Distributed Training

Sentence Transformers implements two forms of distributed training: Data Parallel (DP) and Distributed Data Parallel (DDP). Read the Data Parallelism documentation on Hugging Face for more details on these strategies. Some of the key differences include:

  1. DDP is generally faster than DP because it has to communicate less data.

  2. With DP, GPU 0 does the bulk of the work, while with DDP, the work is distributed more evenly across all GPUs.

  3. DDP allows for training across multiple machines, while DP is limited to a single machine.

In short, DDP is generally recommended. You can use DDP by running your normal training scripts with torchrun or accelerate. For example, if you have a script called train_script.py, you can run it with DDP using the following command:

torchrun --nproc_per_node=4 train_script.py

accelerate launch --num_processes 4 train_script.py

Note

When performing distributed training, you have to wrap your code in a main function and call it with if __name__ == "__main__":. This is because each process will run the entire script, so you don’t want to run the same code multiple times.
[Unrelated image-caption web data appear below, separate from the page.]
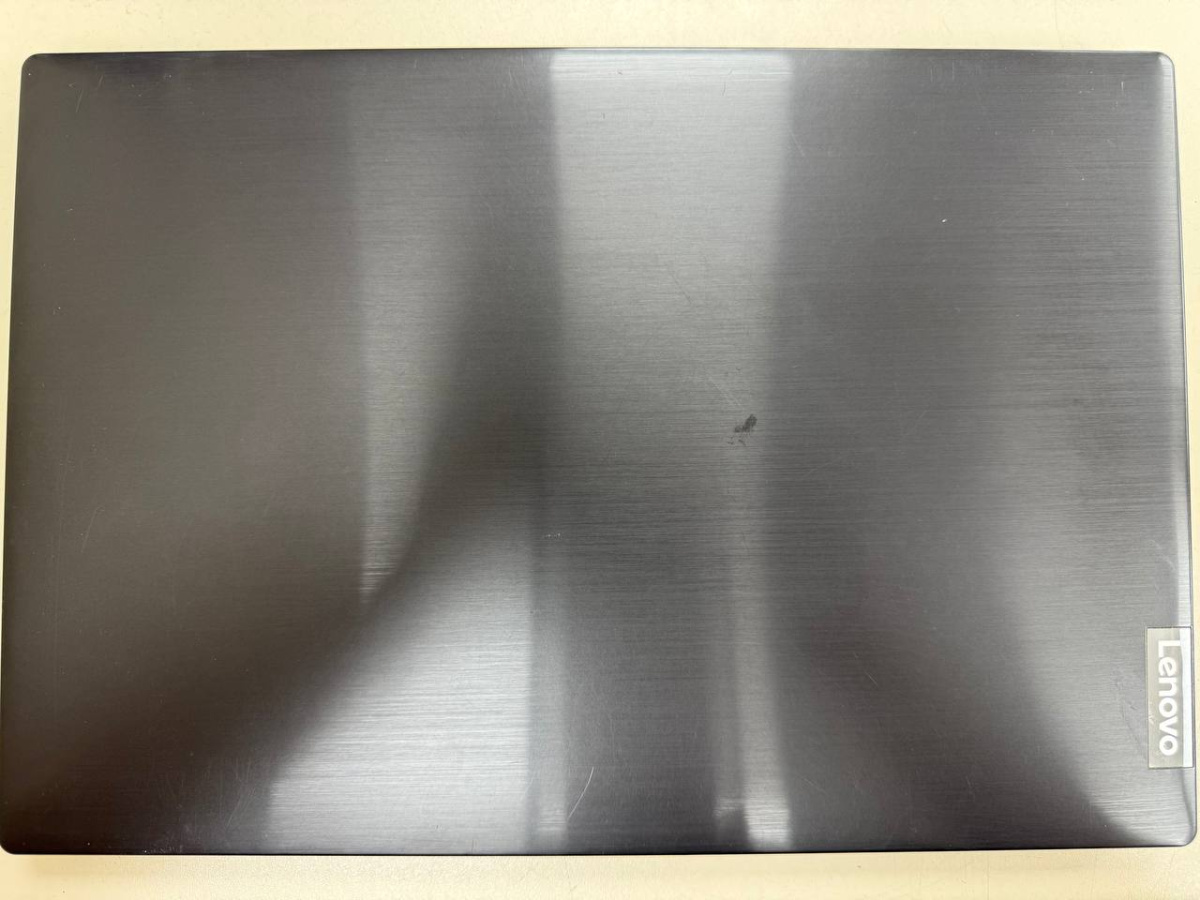 Ноутбук Lenovo Ideapad S145; Ryzen 3 3200U, Radeon Vega 3, 8 Гб, 480 Гб, Нет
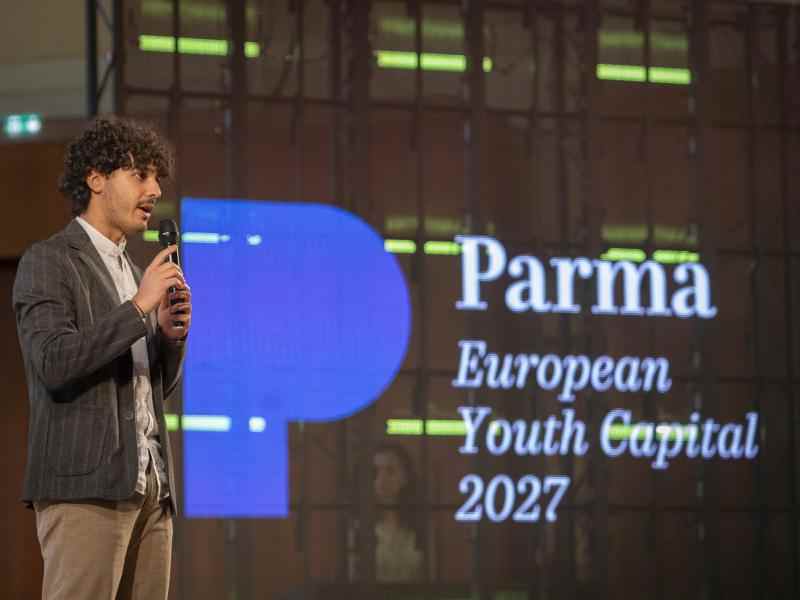 Parma Giovani
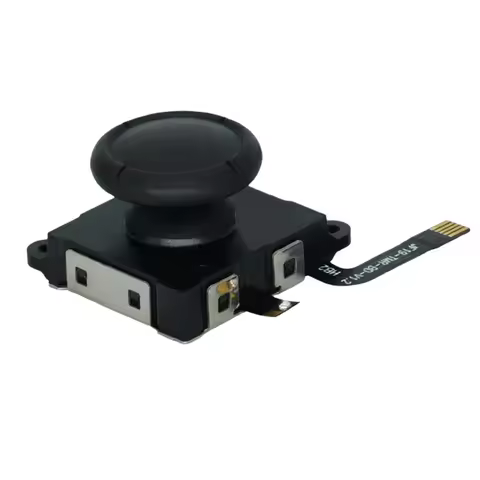 A97I-TMR Electromagnetic Joystick For Switch/Lite/OLED Joycon Anti-Drift Tunnel Magnetic Resistance 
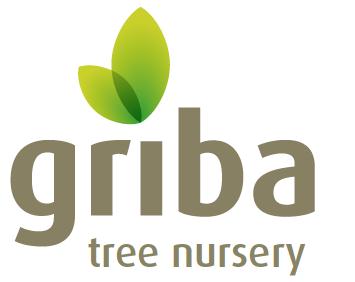 Griba Logo With Tag Line Device mark 2367525 Trademark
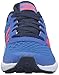 adidas Unisex-Child Cloudfoam Race K Sneaker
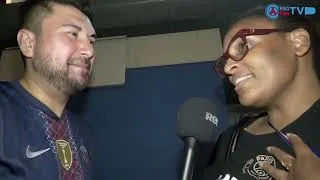 Miniature : PSG 1-1 Arsenal (PEN 4-3) | Hakimi Était Le Maillon Fort ! (Joana Swan)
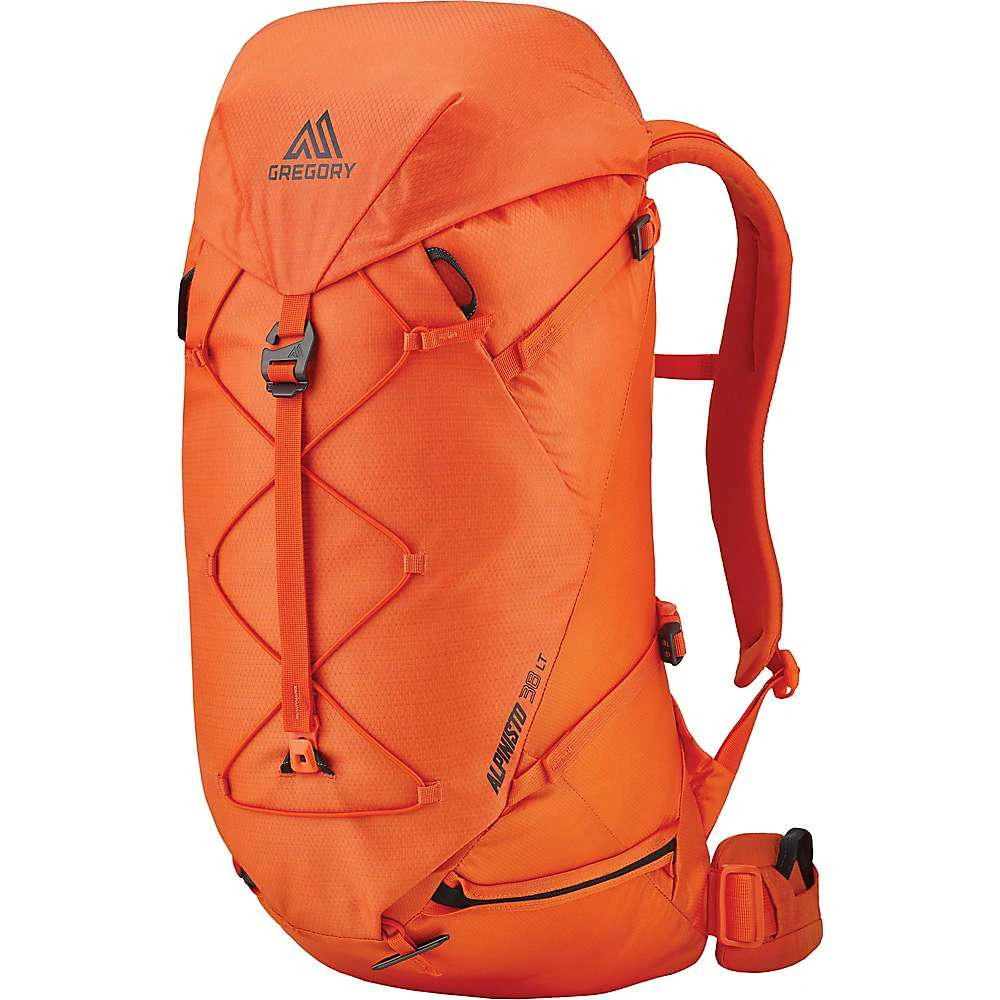 商品Gregory|Alpinisto LT 38 Backpack,价格¥572,第1张图片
Here is an example of how to do this:

from sentence_transformers import SentenceTransformer, SentenceTransformerTrainingArguments, SentenceTransformerTrainer
# Other imports here

def main():
    # Your training code here

if __name__ == "__main__":
    main()

Note

When using an Evaluator, the evaluator only runs on the first device unlike the training and evaluation datasets, which are shared across all devices.

Comparison

The following table shows the speedup of DDP over DP and no parallelism given a certain hardware setup.

  • Hardware: a p3.8xlarge AWS instance, i.e. 4x V100 GPUs

  • Model being trained: microsoft/mpnet-base (133M parameters)

  • Maximum sequence length: 384 (following all-mpnet-base-v2)

  • Training datasets: MultiNLI, SNLI and STSB (note: these have short texts)

  • Losses: SoftmaxLoss for MultiNLI and SNLI, CosineSimilarityLoss for STSB

  • Batch size per device: 32

Strategy

Launcher

Samples per Second

No Parallelism

CUDA_VISIBLE_DEVICES=0 python train_script.py

2724

Data Parallel (DP)

python train_script.py (DP is used by default when launching a script with python)

3675 (1.349x speedup)

Distributed Data Parallel (DDP)

torchrun --nproc_per_node=4 train_script.py or accelerate launch --num_processes 4 train_script.py

6980 (2.562x speedup)

FSDP

Fully Sharded Data Parallelism (FSDP) is another distributed training strategy that is not fully supported by Sentence Transformers. It is a more advanced version of DDP that is particularly useful for very large models. Note that in the previous comparison, FSDP reaches 5782 samples per second (2.122x speedup), i.e. worse than DDP. FSDP only makes sense with very large models. If you want to use FSDP with Sentence Transformers, you have to be aware of the following limitations:

  • You can’t use the evaluator functionality with FSDP.

  • You have to save the trained model with trainer.accelerator.state.fsdp_plugin.set_state_dict_type("FULL_STATE_DICT") followed with trainer.save_model("output").

  • You have to use fsdp=["full_shard", "auto_wrap"] and fsdp_config={"transformer_layer_cls_to_wrap": "BertLayer"} in your SentenceTransformerTrainingArguments, where BertLayer is the repeated layer in the encoder that houses the multi-head attention and feed-forward layers, so e.g. BertLayer or MPNetLayer.

Read the FSDP documentation by Accelerate for more details.